Here are a few example scripts for running the analyses presented in the paper with the LRTF model on the MM-IMDb dataset:
(1) First & Second Order Gradients: structured-framework/examples/imdb_lrtf_gradsaliency.py
(2) Sparse Linear Model training and visualization: structured-framework/examples/imdb_lrtf_sparselinearmodel.py
(3) Unimodal LIME: structured-framework/examples/imdb_lrtf_unimodallime.py
To download the Flickr30k dataset, follow the instructions shared on the official page provided in the Downloads section. If you are interested in evaluating the cross-modal interpretations against ground-truth annotations, the Flickr30k Entities annotations can be found on this GitHub repository.
Then unzip data into a folder named structured-framework/data
. It should have the following structure:
│ ├── data
│ │ └── flickr30k
│ │ ├── Annotations
│ │ ├── flickr30k-images
│ │ └── Sentences
The Annotations
and Sentences
folders come from the Flickr30k Entities dataset.
We use both CLIP and ViT models on the Flickr30k dataset, which are present on the HuggingFace model ecosystem. The ViLT model is fine-tuned on the Flicrk30k dataset.
Below are a few example scripts on running analysis methods on Flickr30k with ViLT model.
(1) First Order Gradient: structured-framework/examples/flickr30k_vilt_gradsaliency.py
(2) Second Order Gradient: structured-framework/examples/flickr30k_vilt_gradient.py
There are examples for the CLIP model present as well.
To download the dataset, follow the instructions at https://github.com/pliang279/MultiBench to obtain the im.pk
file. When loading the dataset in structured-framework/datasets/mimic.py
, set the path to the path to im.pk
.
To use the LF model, clone the MultiBench repository from the same link above and then follow instructions in there to train a LF model for MIMIC. Then input both the path to the saved checkpoint and the path to the cloned repository into the constructor of MIMICLF. See the examples below for details.
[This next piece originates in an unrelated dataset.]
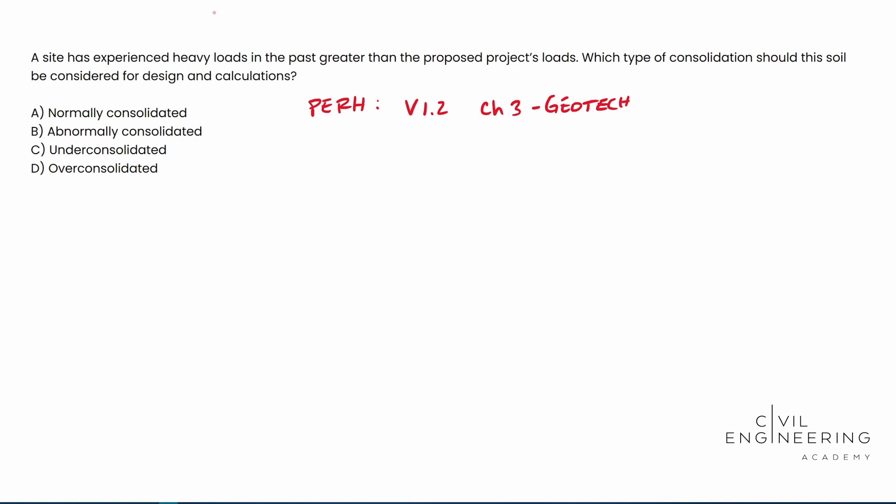So you're essentially, it once had this really heavy weight on top of it, you take it off. So it's already consolidated. It's already really jam packed. And then you put your new project on top of it. Okay. So that's kind of what that means.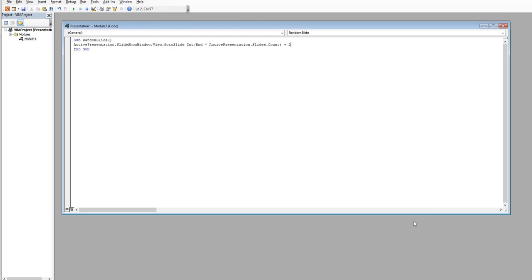Let me explain this a bit better. If you didn't add the offset, computers count differently than humans — computers start at zero. So it would do slide zero, then slide one, and so on. We have a title page, so we don't want slide zero and we don't want slide one, because that's the title page. That's why we're doing the plus two.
Here are a few example scripts on running analysis methods on MIMIC with LF model:
(1) Unimodal LIME: structured-framework/examples/mimic_lf_unimodallime.py
(2) EMAP: structured-framework/examples/mimic_lf_emap.py
(3) First Order Gradient: structured-framework/examples/mimic_lf_firstordergradient.py
MultiViz is designed in a way such that it can easily be extended to other datasets, models, and analysis methods.
If you wish to add your own dataset or model and use the existing analysis scripts in the repository, just follow the same format of existing dataset and model classes in this repository. All existing analysis scripts assumes that the model being analyzed implements the functions in models/analysismodel.py
, so if you write your model class implementing these functions, you can directly apply existing analysis scripts to your dataset and model.
If you wish to add your own analysis method and make it applicable to multiple existing datasets and models, simply make your analysis function takes a "analysismodel" object as input and only use the functions specified within models/analysismodel.py
to interact with the model, and the resulting script should be applicable to all currently existing datasets and models in this repository.